Please transcribe exactly, and only, the lines of the data below between the line holding "Walt Disney Masterpiece" and the line holding "House Style Bird Cage - Red", inclusive.

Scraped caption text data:
+-------+

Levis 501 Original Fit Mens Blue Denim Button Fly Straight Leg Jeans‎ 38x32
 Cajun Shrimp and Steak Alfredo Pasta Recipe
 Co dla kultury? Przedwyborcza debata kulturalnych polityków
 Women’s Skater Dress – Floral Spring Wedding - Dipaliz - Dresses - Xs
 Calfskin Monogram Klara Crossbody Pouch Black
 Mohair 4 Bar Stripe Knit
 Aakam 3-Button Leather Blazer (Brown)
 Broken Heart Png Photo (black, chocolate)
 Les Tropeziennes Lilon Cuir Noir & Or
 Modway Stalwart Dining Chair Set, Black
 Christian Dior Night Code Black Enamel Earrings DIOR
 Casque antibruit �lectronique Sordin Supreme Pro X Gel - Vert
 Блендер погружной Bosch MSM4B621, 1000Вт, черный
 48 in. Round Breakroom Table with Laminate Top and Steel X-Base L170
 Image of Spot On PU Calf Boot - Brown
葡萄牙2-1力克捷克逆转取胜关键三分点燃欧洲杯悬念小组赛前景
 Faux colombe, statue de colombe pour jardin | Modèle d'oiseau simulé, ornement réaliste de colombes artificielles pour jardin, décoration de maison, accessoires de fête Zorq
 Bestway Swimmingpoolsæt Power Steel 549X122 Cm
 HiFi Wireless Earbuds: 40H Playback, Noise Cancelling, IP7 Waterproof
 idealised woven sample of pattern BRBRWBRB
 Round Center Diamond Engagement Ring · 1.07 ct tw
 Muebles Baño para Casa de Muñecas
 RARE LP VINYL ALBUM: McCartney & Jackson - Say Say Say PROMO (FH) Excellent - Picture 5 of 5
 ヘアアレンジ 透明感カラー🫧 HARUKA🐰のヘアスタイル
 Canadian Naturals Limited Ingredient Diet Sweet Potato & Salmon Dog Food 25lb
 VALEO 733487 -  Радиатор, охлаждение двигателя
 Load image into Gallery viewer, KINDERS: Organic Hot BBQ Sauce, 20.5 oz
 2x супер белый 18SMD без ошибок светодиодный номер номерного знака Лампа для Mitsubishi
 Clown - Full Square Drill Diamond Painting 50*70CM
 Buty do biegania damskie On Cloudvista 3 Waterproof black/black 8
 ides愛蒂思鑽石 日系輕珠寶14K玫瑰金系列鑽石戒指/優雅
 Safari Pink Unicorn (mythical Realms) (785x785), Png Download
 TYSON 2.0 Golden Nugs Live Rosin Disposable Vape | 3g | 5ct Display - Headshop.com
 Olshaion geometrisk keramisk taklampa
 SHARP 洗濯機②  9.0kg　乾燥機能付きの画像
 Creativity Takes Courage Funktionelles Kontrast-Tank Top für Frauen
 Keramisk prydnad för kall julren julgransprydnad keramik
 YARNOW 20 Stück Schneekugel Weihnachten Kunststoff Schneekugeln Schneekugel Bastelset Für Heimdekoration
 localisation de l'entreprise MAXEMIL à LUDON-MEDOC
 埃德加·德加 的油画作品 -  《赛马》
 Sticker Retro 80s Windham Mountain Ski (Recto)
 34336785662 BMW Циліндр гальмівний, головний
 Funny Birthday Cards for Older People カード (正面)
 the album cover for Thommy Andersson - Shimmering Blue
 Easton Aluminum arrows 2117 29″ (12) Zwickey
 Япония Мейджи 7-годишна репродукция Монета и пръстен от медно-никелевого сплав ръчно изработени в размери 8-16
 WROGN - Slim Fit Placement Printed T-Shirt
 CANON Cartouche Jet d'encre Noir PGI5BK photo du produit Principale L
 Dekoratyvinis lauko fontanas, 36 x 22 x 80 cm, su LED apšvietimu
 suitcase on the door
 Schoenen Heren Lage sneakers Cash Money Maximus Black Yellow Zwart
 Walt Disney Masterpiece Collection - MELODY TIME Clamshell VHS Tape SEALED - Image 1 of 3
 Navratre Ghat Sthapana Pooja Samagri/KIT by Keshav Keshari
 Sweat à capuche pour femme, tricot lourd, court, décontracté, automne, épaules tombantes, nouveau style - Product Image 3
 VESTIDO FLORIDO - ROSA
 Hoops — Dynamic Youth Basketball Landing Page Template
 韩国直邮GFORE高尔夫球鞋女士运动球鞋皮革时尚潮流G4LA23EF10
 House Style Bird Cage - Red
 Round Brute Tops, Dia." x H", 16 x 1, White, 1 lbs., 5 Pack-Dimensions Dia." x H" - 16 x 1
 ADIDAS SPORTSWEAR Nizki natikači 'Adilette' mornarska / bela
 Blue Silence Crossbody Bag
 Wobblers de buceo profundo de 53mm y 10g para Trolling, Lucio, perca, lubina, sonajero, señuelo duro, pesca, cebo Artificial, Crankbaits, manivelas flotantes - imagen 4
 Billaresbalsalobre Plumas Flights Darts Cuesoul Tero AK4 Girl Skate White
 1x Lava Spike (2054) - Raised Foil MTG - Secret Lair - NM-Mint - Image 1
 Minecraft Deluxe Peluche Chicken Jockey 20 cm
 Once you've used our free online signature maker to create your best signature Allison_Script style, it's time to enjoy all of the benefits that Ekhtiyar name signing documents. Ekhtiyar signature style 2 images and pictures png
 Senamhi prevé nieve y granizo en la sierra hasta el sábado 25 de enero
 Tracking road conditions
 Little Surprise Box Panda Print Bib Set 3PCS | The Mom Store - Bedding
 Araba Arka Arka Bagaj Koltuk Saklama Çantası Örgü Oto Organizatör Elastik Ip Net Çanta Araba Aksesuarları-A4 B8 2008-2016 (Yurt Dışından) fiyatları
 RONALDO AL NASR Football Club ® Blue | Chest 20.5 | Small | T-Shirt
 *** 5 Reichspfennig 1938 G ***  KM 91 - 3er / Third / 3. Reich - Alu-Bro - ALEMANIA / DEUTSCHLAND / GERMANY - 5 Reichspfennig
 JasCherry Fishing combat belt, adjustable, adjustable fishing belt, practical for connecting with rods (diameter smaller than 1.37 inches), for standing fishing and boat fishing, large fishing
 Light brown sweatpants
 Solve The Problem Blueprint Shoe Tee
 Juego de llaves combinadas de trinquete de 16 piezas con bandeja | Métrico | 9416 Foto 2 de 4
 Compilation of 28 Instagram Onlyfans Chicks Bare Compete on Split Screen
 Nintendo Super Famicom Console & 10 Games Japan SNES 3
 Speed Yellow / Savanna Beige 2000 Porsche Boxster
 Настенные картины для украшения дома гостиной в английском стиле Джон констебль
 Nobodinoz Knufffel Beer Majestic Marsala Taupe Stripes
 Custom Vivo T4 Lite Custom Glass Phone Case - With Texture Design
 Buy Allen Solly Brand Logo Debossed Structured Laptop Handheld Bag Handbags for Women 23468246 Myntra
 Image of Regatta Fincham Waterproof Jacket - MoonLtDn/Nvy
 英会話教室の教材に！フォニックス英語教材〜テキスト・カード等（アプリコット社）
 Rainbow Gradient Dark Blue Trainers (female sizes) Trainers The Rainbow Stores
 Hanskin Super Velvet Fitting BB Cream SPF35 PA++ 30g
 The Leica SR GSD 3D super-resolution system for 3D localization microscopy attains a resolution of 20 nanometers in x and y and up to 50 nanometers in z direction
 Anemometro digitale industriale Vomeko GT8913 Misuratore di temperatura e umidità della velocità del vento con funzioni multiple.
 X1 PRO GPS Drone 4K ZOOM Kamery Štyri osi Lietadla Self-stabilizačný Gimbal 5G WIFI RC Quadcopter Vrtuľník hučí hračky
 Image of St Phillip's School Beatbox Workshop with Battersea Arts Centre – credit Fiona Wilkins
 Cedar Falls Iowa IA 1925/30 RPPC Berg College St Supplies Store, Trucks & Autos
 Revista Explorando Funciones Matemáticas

+-------+

*RESULT OF THE TASK*.
 Walt Disney Masterpiece Collection - MELODY TIME Clamshell VHS Tape SEALED - Image 1 of 3
 Navratre Ghat Sthapana Pooja Samagri/KIT by Keshav Keshari
 Sweat à capuche pour femme, tricot lourd, court, décontracté, automne, épaules tombantes, nouveau style - Product Image 3
 VESTIDO FLORIDO - ROSA
 Hoops — Dynamic Youth Basketball Landing Page Template
 韩国直邮GFORE高尔夫球鞋女士运动球鞋皮革时尚潮流G4LA23EF10
 House Style Bird Cage - Red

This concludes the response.